This time we have a guest post from a long time friend and colleague, Chris Lalonde. During a conversation a couple of weeks ago Chris told us what he was doing with a product called Splunk, to provide monitoring, alerting, and visibility into log files. Given the importance that we place on logging and monitoring, what Chris was doing sounded interesting. We asked Chris if he would be willing to share a little about his implementation. Chris has over 15 years of experience in information technology and has provided technology solutions for Fortune 1000 companies such as eBay, TD Bank as well as government agencies like DoD, RCMP and USSS. He holds a bachelor of mechanical engineering with a concentration in robotics from Carleton University. Chris also has three patents for authentication systems and has several others pending. He was the recipient of the Director’s Award from the United States Secret Service. And now from Chris:
Having worked in technology for 15+ years I understand how challenging it can be to get visibility across your entire platform, apparently the folks who started Splunk understood this as well. What is Splunk, well it’s a tool you can use to collect data from virtually any server in virtually any format and carry out alerting, ad-hoc searches and large scale reporting.
You install the Splunk client on each of the servers you want to monitor. Currently Splunk supports Windows, Linux, OSX, Solaris, BSD and AIX so the vast majority of platforms are covered. The client typically installs in a few minutes and if you spend a little time pre-configuring things it’s easy to automate the install. Once it’s installed you have a few options you can either run a full server on each machine or turn them into lightweight forwarders and consolidate your logs.

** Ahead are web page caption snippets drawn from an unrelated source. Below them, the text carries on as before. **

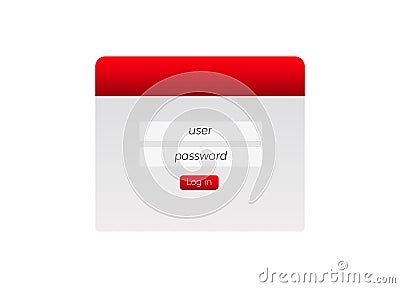 Simple online login interface with username and password fields in red and gray Vector Illustration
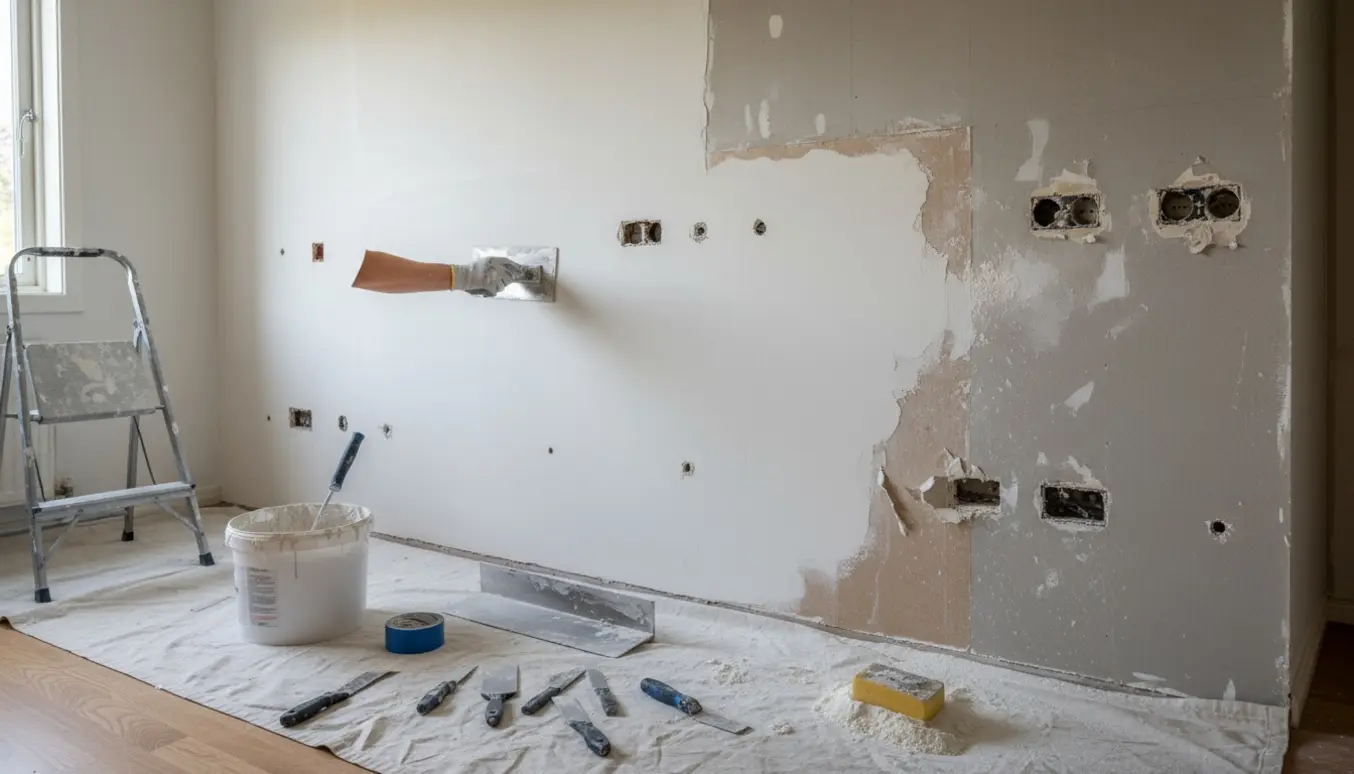 Køkkenvæg under reparation med spartel, filt og værktøj, tre forskellige lappe- og filtmetoder synlige.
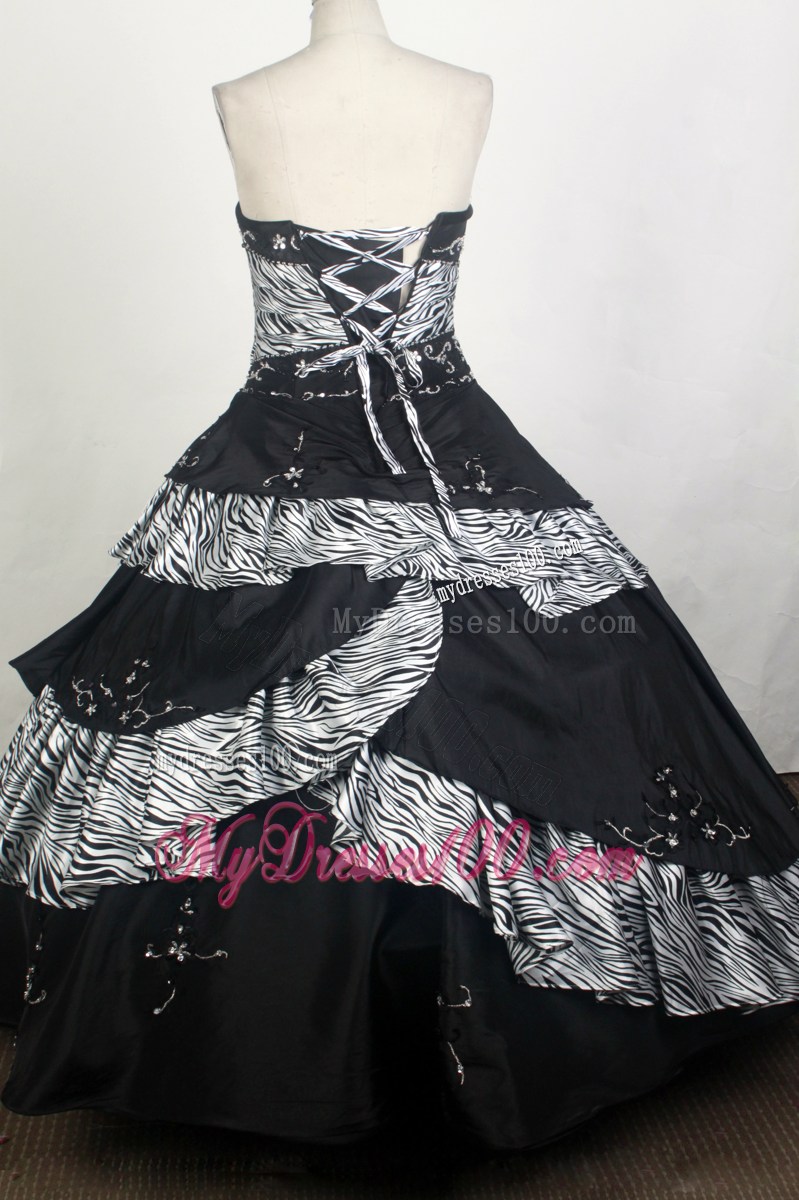Low-Key Appliqued Black and Zebra Pattern Dresses for Quinceanera in Layers
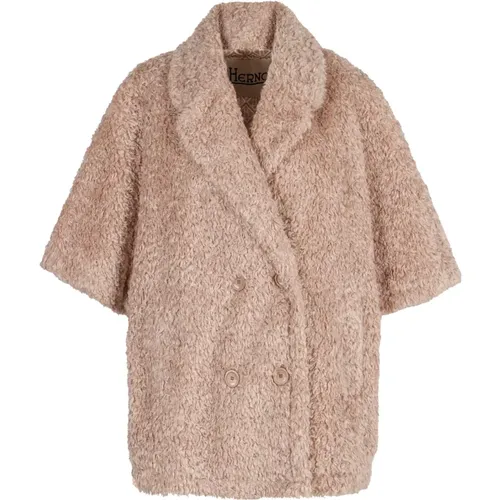 Faux Fur Lapel Coat , Damen, Größe: L - Herno - Modalova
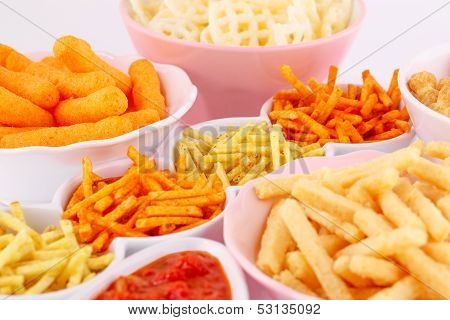 Potato, Corn And Wheat Chips In Bowls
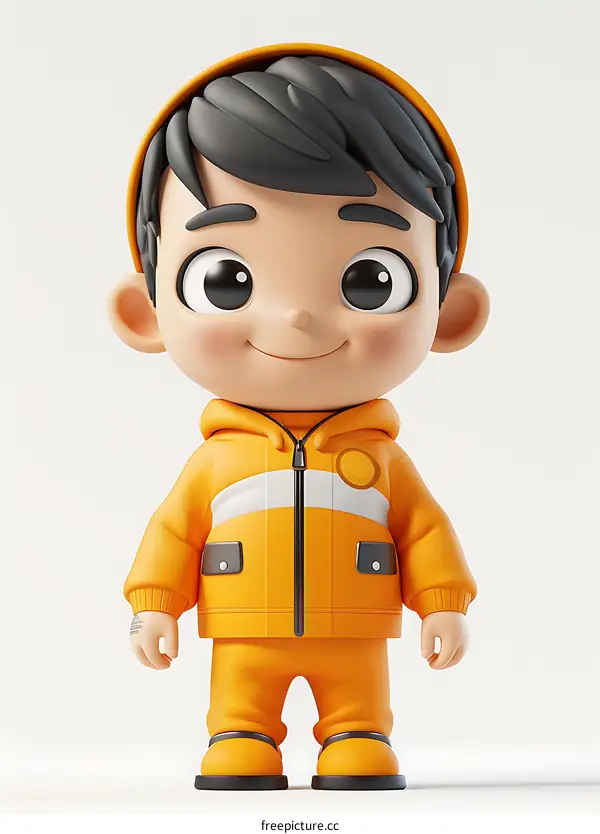 Smiling Cartoon Boy in Orange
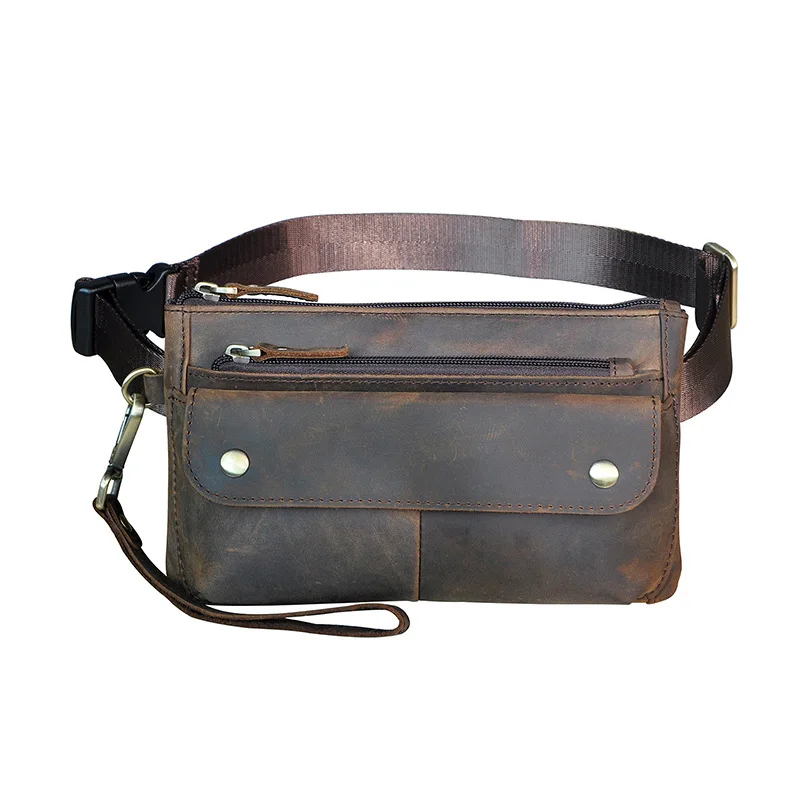 Oily Leather Cowhide Real Leather Men\'s Fashion Cool Mobile Phone Camera Outdoor 7 Inch Chest Bag Waist Bag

I’d recommend the latter since it gives you the log aggregation you more than likely want and the light weight clients use fewer resources than the full blown server. Additionally you can point traditional data sources at Splunk, have lots of syslogs running around why not point them at your central Splunk server and get them indexed and searchable as well.
Once you’ve got Splunk installed on your servers the uses are pretty much endless. The simplest and most obvious is system/log monitoring and alerting. You can just point Splunk at a log directory and it will automatically analyze and index all the files in that directory. Spunk will also attempt to parse the elements of the files so you can do searches on virtually every element of your file. Need to know how many times that URL was called with variable “foo” in it? Just go into the search app and type in something like “http://” “foo” and all the results are shown in two ways 1) in a graphical timeline showing the count per unit of time (hrs, days, min) and 2) in detail below the graph where you can expand out and literally get the section of the specific log file with those results.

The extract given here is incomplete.